Chi sono i nuovi soggetti formatori e quali sono i requisiti?
Una delle innovazioni più significative introdotte dall’Accordo Stato Regioni 2025 riguarda la qualificazione e l’identificazione dei soggetti formatori autorizzati a erogare i corsi in materia di salute e sicurezza. L’accordo distingue chiaramente tra enti istituzionali (come ministeri, Regioni, Province autonome, INAIL, università, enti pubblici e organizzazioni di volontariato), enti accreditati secondo i modelli regionali, e altri soggetti, come organismi paritetici, fondi interprofessionali e associazioni sindacali rappresentative.

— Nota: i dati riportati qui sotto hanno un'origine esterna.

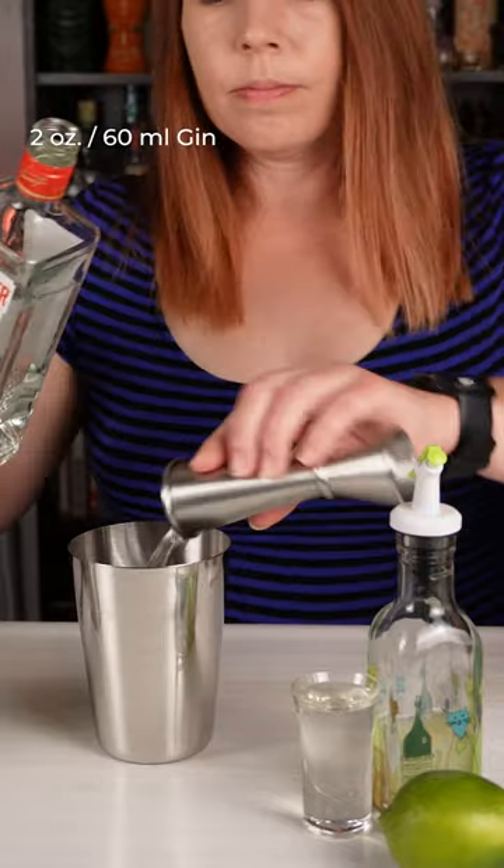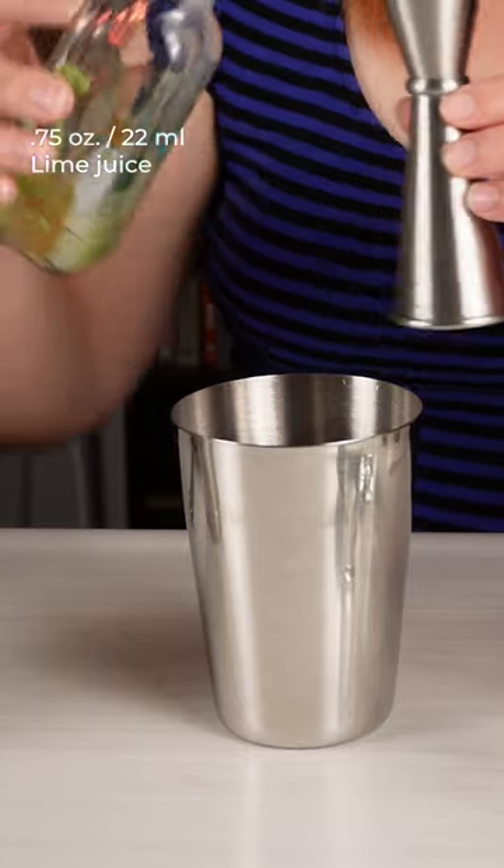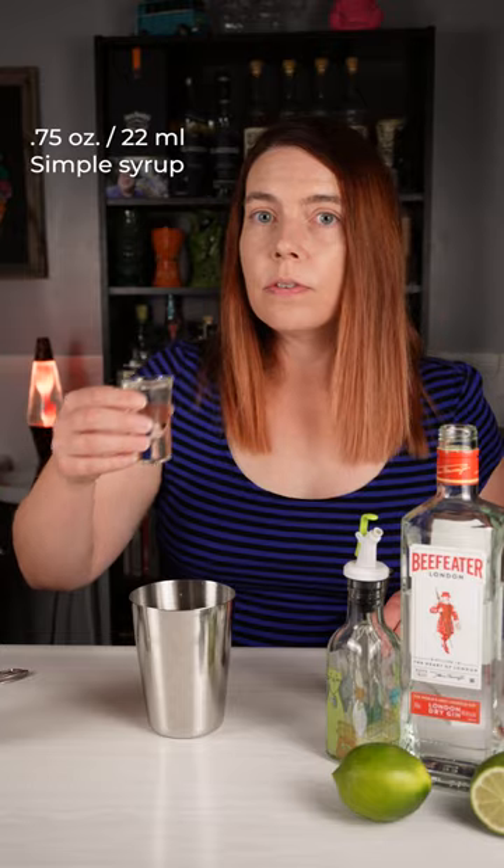Let's make a gimlet. We're going to start out with 2 ounces or 60 milliliters of gin, 3 quarters of an ounce or 22 milliliters of freshly squeezed lime juice, and 3 quarters of an ounce of simple syrup.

Per ciascuna di queste categorie vengono introdotti requisiti specifici, tra cui l’esperienza documentata di almeno tre anni nella formazione su salute e sicurezza per i soggetti accreditati. Questo segna una discontinuità rispetto al passato e introduce un ulteriore livello di controllo per evitare fenomeni di “formazione di facciata”. Solo chi dimostra effettive competenze e risultati può essere considerato partner affidabile per le aziende.
La responsabilità di monitorare la qualità e la conformità dei corsi si estende anche agli organismi che rilasciano gli attestati: ogni documento deve contenere dati identificativi precisi, riferimenti normativi, modalità di erogazione e firme digitali. L’obiettivo dichiarato è creare un sistema trasparente, tracciabile e nazionale, nel quale il riconoscimento delle competenze sia omogeneo e valido su tutto il territorio italiano.
Modalità di erogazione e vincoli
L’accordo riconosce e regolamenta la pluralità delle modalità di erogazione della formazione: presenza fisica, videoconferenza sincrona, e-learning, modalità mista. Tuttavia, ogni opzione è soggetta a precisi requisiti tecnici, organizzativi e professionali, a garanzia della qualità del percorso e della partecipazione attiva dei discenti.
Per i corsi in presenza, il limite massimo è fissato a 30 partecipanti, con un rapporto docente/discente di 1 a 6 per le attività pratiche. I corsi in videoconferenza sincrona richiedono piattaforme certificate, tracciabilità delle presenze e garanzia di interazione continua. I corsi in e-learning devono rispettare standard di sicurezza, accessibilità, archiviazione dei dati e tutela della privacy, oltre a una puntuale documentazione di tutte le fasi del processo formativo.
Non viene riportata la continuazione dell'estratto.